Наверное, уже немного осталось свидетелей возникновения гимна СССР, о котором сразу же пошел анекдот (исподволь, могли и посадить!), когда один из авторов текста на упрек, что слова-то ужасные, веско отвечает: «Но вставать будешь».

Мы вставали, да еще как, ночью с постелей, в тот военный год, когда гимн звучал по всем радиостанциям нашей страны, несколько раз в день, и граждане организованно собирались для коллективного заучивания. У нас в сибирском детдоме для этого служила комната директора, где висела под запором черная настенная тарелка-репродуктор.

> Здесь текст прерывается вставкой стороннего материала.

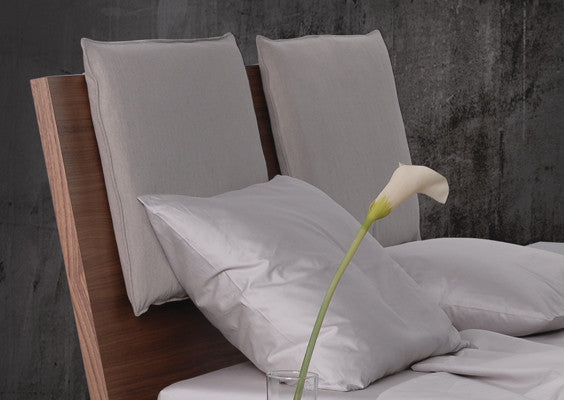 City Bed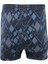 Penye Boxer 1162 | Füme 2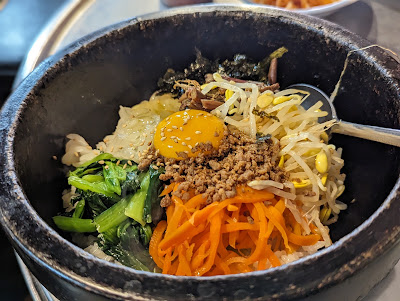 수보관 오쿠보점 사진 2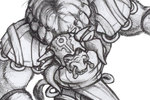 Tauren_dualies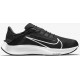 Nike Air Zoom Pegasus 38 Flyease Ανδρικά Αθλητικά Παπούτσια Running Μαύρα DA6674-001 Nike Air Zoom Pegasus 38 Flyease Ανδρικά Αθλητικά Παπούτσια Running Μαύρα DA6674-001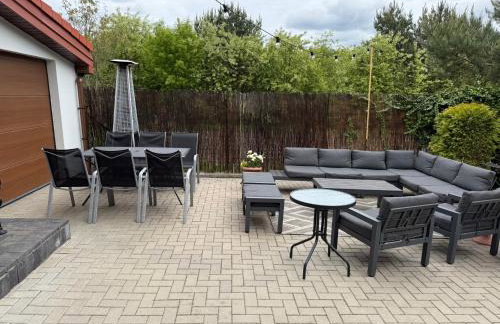 Borki Guest House - Foto 17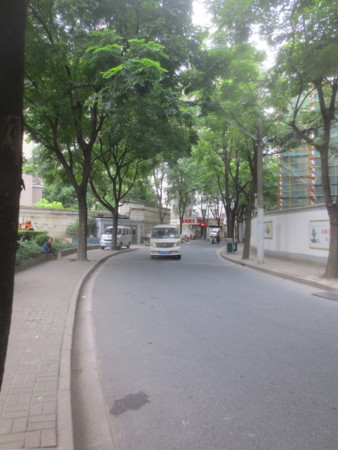 f:id:sumita-m:20150721123749j:image f:id:sumita-m:20150721123749j:image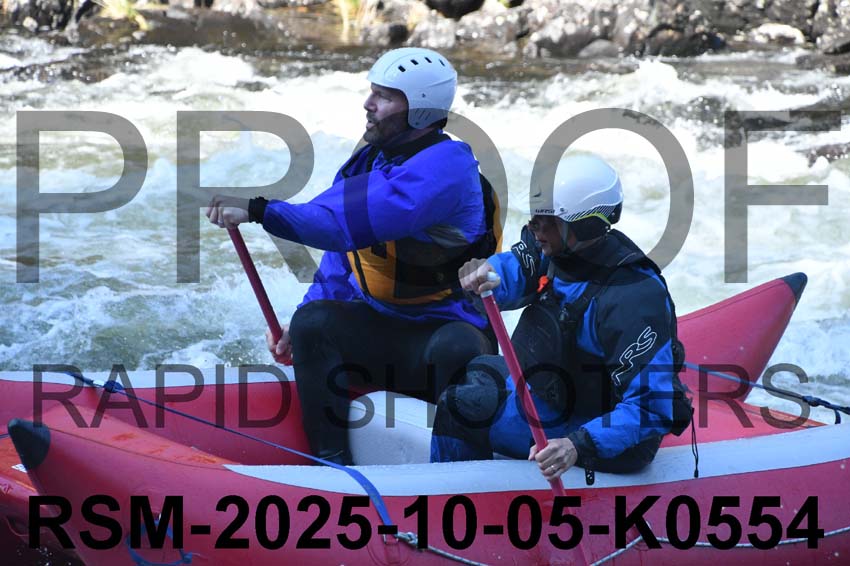 RSM-2025-10-05-K0554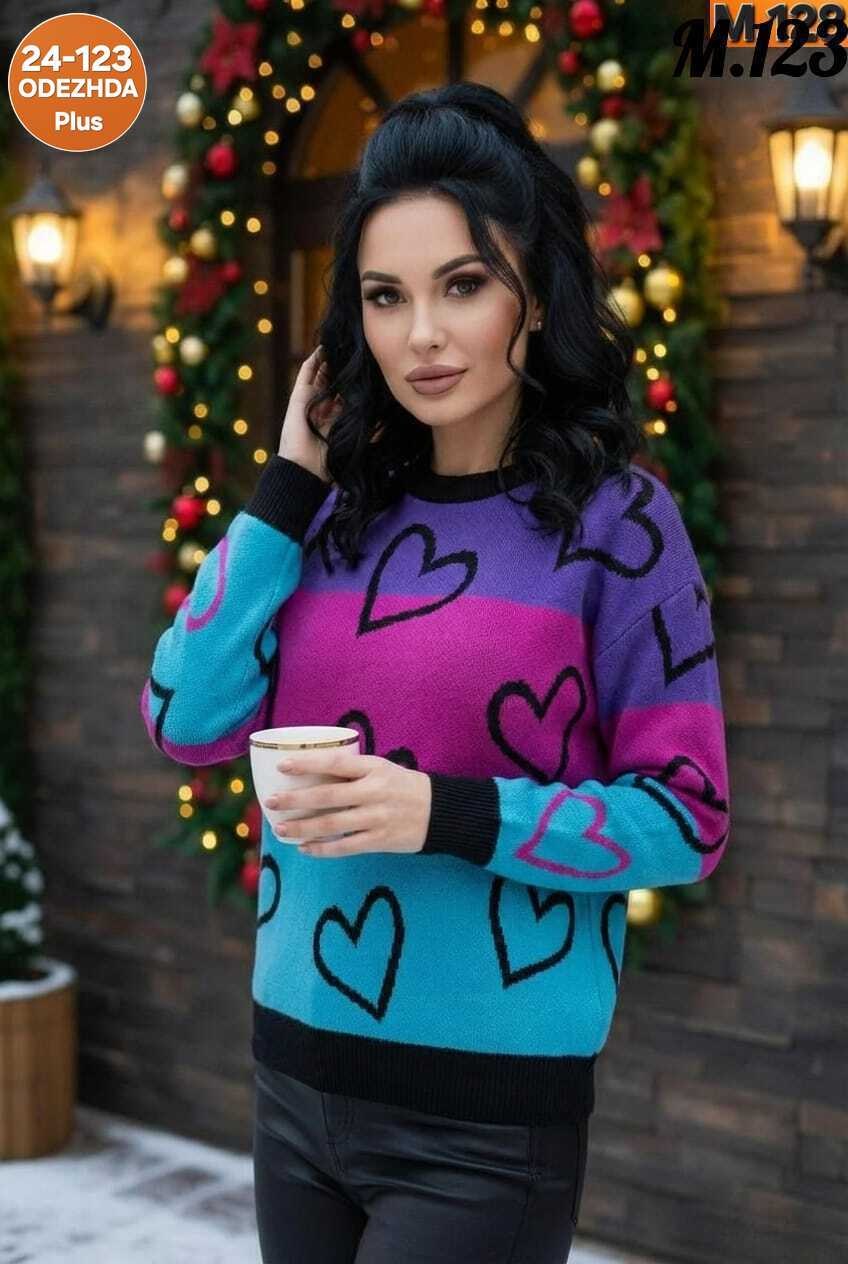 женская кофта,свитера женские,женские джемпера,кофта теплая,свитер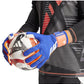 buy-adidas-pred-gl-lge-blue-football-protection-gear-5_jgt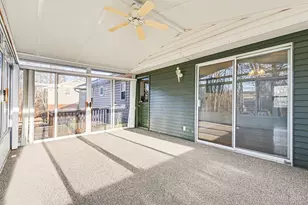 8376 Vicksburg Dr, Symmes Township, OH 45249 - Photo 28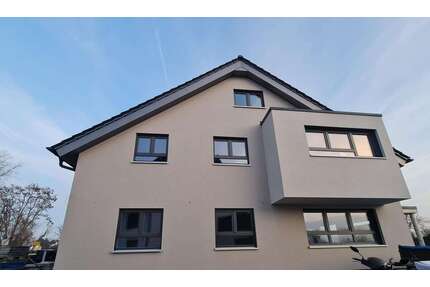Wohnung zum Mieten in Bischofsheim 2.250,00 € 141 m²
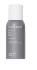 Living Proof Suchý šampón Perfect Hair Day (Dry Shampoo) 90 ml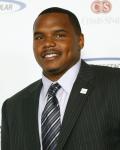 Chester Pitts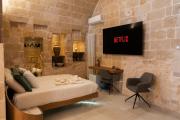 Top Matera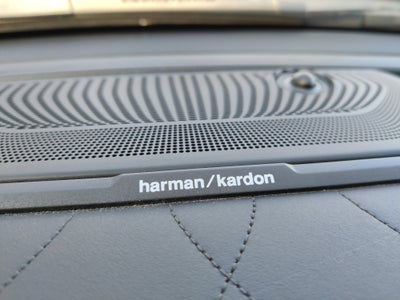 2025 RAM 3500 Limited Crew Cab 4x4 8' Box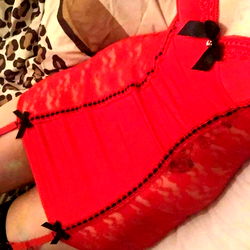 OnlyFans Peachyminx Model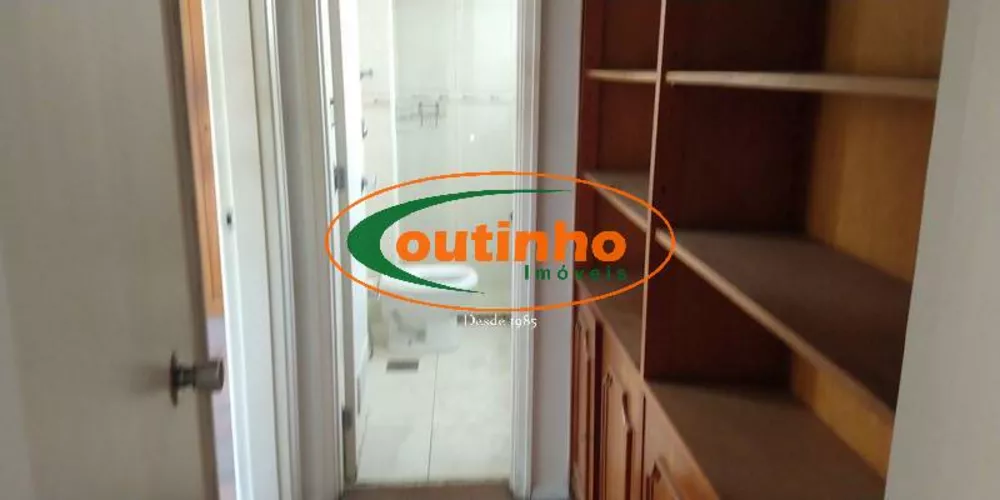 Apartamento, 4 quartos, 125 m² - Foto 15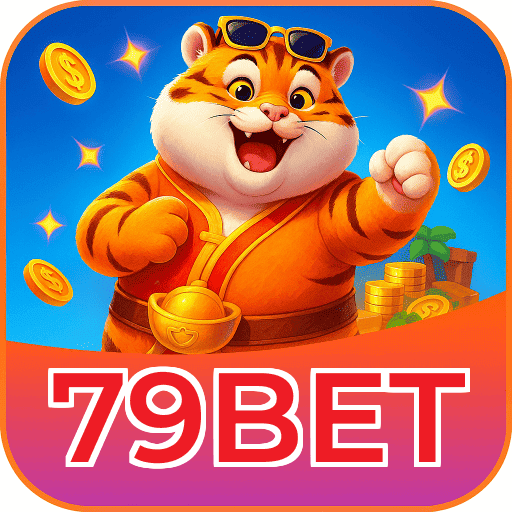79BET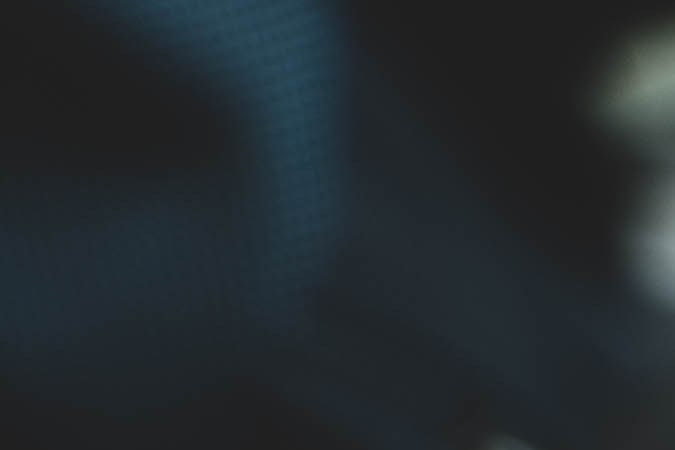 Aprende a usar Waze con estos trucos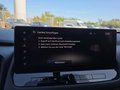 Daumennagel 33 - Nissan X-Trail 1,5 VC-T 163PS Navi/ACC/Winterp/el.Klappe **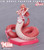 【PRE-ORDER】Yumi Figure 1:6 MonsterMusume Miia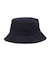 ADJUSTABLE C/N HAT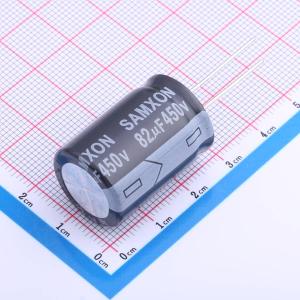 EKM826M2WL25RR商品缩略图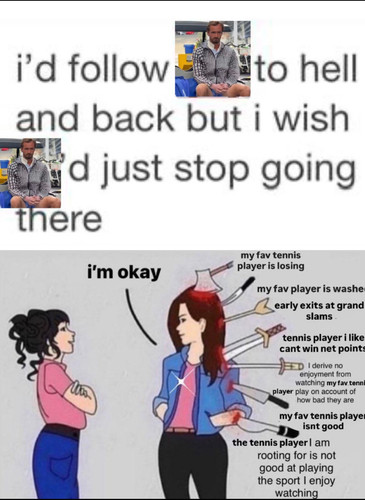 1000020801.jpg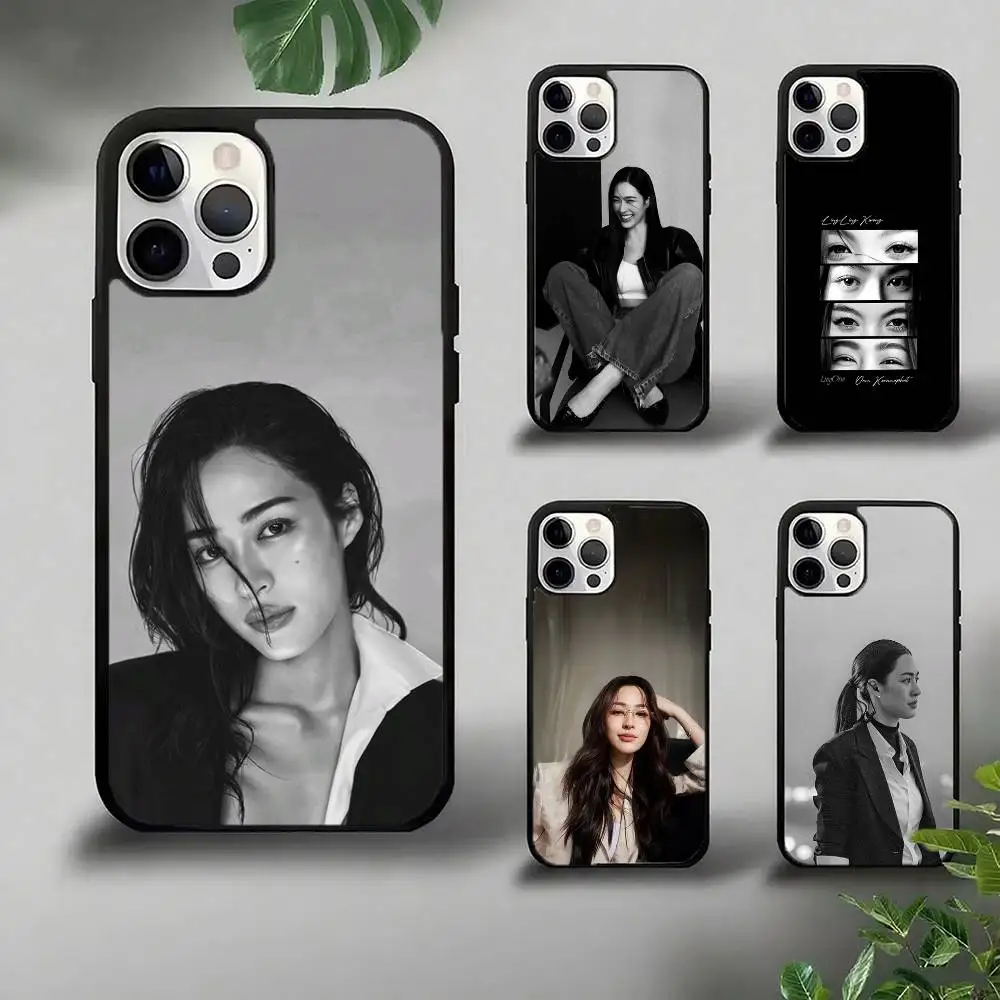 Чехол для телефона Fahlada Lingling Kwong с сильным магнитом для IPhone 16, 15, 14, 13, Pro Max 11, 12, мини
Чехол для телефона Fahlada Lingling Kwong с сильным магнитом для IPhone 16, 15, 14, 13, Pro Max 11, 12, мини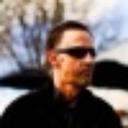 Luke Hager - @fhvsTerminusuI - Twitter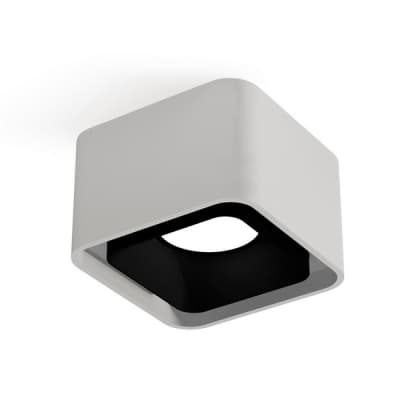 Точечный светильник Techno XS7832002 Ambrella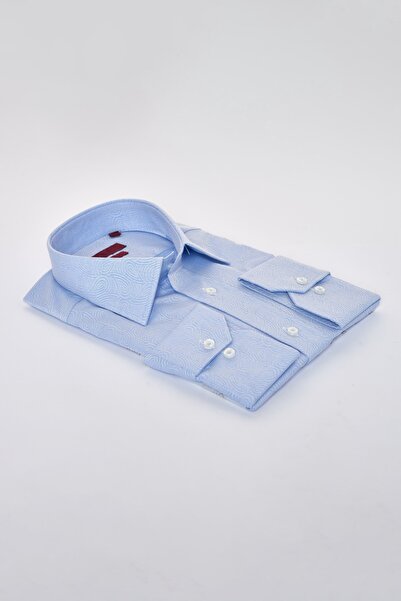 Giovane Gentile Gömlek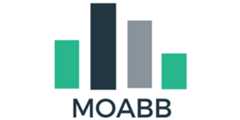 moabb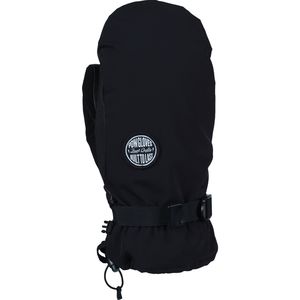 Pow Gloves Tallac Mitten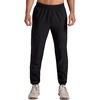 image:imageHead Mens Grand Cargo Pant Slim Fit Stretch Lightweight Material MoistureWickingBlack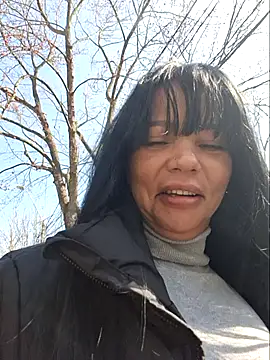 Ella sweety00 online show from 03/25/26, 09:04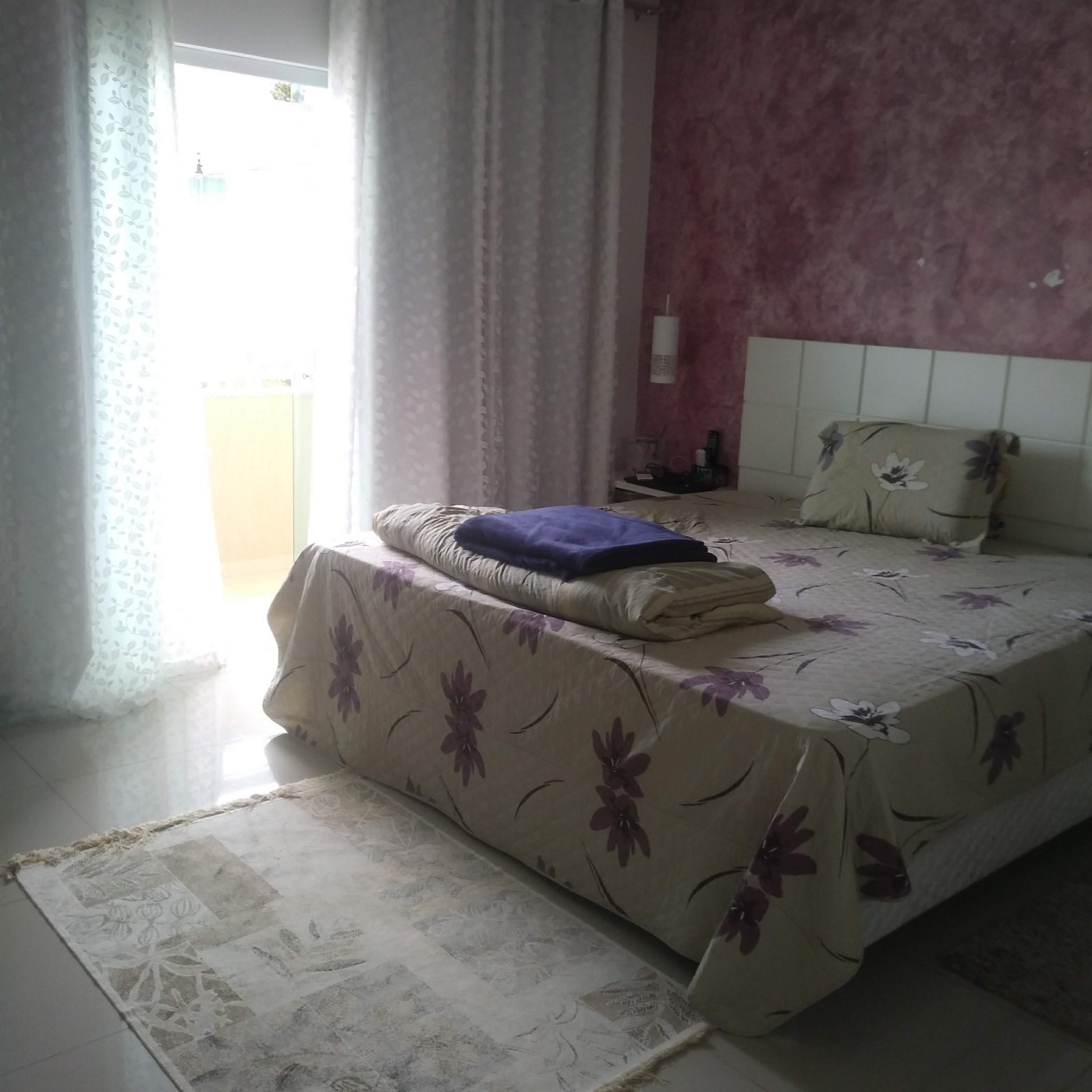 Casa de Condomínio, 3 quartos - Foto 21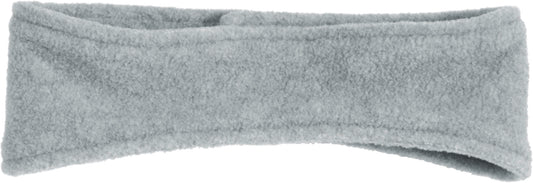 Stirnband
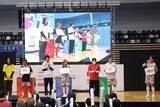 「「全国都道府県対抗eスポーツ選手権 2025 SHIGA」の総合優勝は千葉県！「パズドラ」と「eFootball」で優勝し一気に首位に」の画像5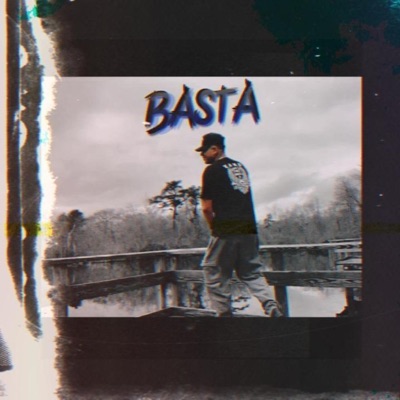 Basta (feat. Guararodb) - Single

Нас будили, ибо время с Москвой не совпадало и было за полночь, выстраивали в кабинете директора плотными рядами, чтобы все поместились, и так, в нижнем белье, а кто догадливее, сверху в пальто, на нечувствительную, задурманенную первым сновидением голову, выслушивали хорошо поставленный голос диктора, который ввинчивался прямо в мозг: «А теперь хором повторим слова: «Мы в жизни решаем судьбу поколений, мы к славе отчизну свою поведем…» И мы повторяли нестройными голосами, а глаза сами собой закрывались, и под плывущие издалека звуки мы, уплотненные до того, что сливались в одно единое тело, так что невозможно уже упасть, начинали задремывать и, каждый по отдельности, уплывать в свое, далекое от этой казенной музыки бытие, в котором, чтобы выжить, нужно «решить судьбу» лишней пайки хлеба да черпака затирухи, которые неминуемо сопрет жулик директор, а какой он был жулик, этот член великой партии большевиков, лучше и не рассказывать. А значит, наш собственный гимн – это гимн истинно жизненный, посвященный куску хлеба.

– При-став-кин! – слышу извне угрожающий голос и вздрагиваю. – Повтори-ка слова! – Нет, это не директор, он стоит сбоку, у своего письменного стола, а его крысиные глазки высматривают непоющих, их накажут потом, а кричит мне воспитатель, которому вменено внедрять в нас патриотические слова гимна при помощи голоса и кулаков. С ужасом ощущаю, что не могу разомкнуть глаз, и это чревато карцером и голодными сутками. Но меня дружески больно толкают под бок, и я вытягиваюсь в струнку, извлекая чужим деревянным голосом невнятные слова о том, что мы (кто мы – эти сонные оборванцы?!) решаем судьбу каких-то поколений. Да ни х…ра мы не решаем, кроме… выстоять и не заснуть. И даже слова о вожде, который нас «вырастил на верность народу, на труд и на подвиги нас вдохновил…» – сейчас не вдохновляют. И главный «подвиг» – спрятаться за чужими головами от всевидящих глаз директора. А голос из радио гудит и гудит в уши, словно бьет ударником по мозгам, и нет конца этому мучительному гимну.